I don't want to be married again, I like coming and going when I want - sometimes supper at six - sometimes at eight.

The older I get I do think it would have been a good thing to have another child, good for me and good for my son.

Maybe that child would have lived far away, maybe near by - but still -

At this point in time I like living alone, not having to adjust to another person's whims.

Things are always changing - so far, so good.

what a great post.

Kudos.

I don't have much to add, as I am married and have 2 children. But it was my choice, not the decisions of the people around me.

I think that your life choice, as long as it hurts no one, should be your own.

My experience pretty much mirrors your own Ronni !! I have had a good life on the whole.

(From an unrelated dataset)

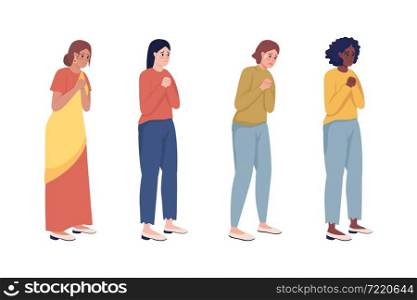 Worried women semi flat color vector characters set. Full body people on white. Nervous women squeezing hands together isolated modern cartoon style illustrations for graphic design and animation. Worried women semi flat color vector characters set
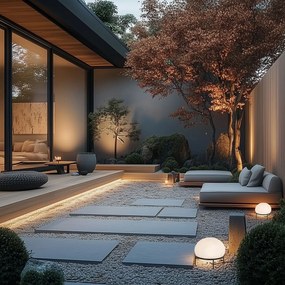 Dizajnová vonkajšia stolová lampa čierna - Jannie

I’m not single, but I AM retired from a career, am 59, and have no children.

From Jr. High age, I felt two things quite strongly. 1) I didn’t want to have kids. 2) I didn’t want to get married til I was around 40. Fulfilling 1) required one abortion along the way, which I do not regret. Fulfilling 2) was interrupted by a 6-week marriage when I was around 20. Then I remained single (and LOVED IT) until I married at age 42.

Many people are wired to dislike being alone. I’m the opposite; most comfortable when I’m alone. My biggest adjustment 19 years ago, when I got married and moved to Sweden all at the same time, was NOT the culture shock of a new country but the shock of having someone in my life ALL THE TIME. Ha. I’m 90% used to it by now, but only because my husband is an understanding man and gives me my ‘space’. (After all, he was a bachelor til he married me! So he’s used to being alone, too.)

I take better care of myself as a married person (AND the older I get). There’s more of a routine to my life, I imagine because most men seem to function best in a world of regularity. So I’ve adapted to his way in some regards. I get more exercise. I eat better… at regular hours… unless he isn’t at home. Then it’s a free-for-all. :)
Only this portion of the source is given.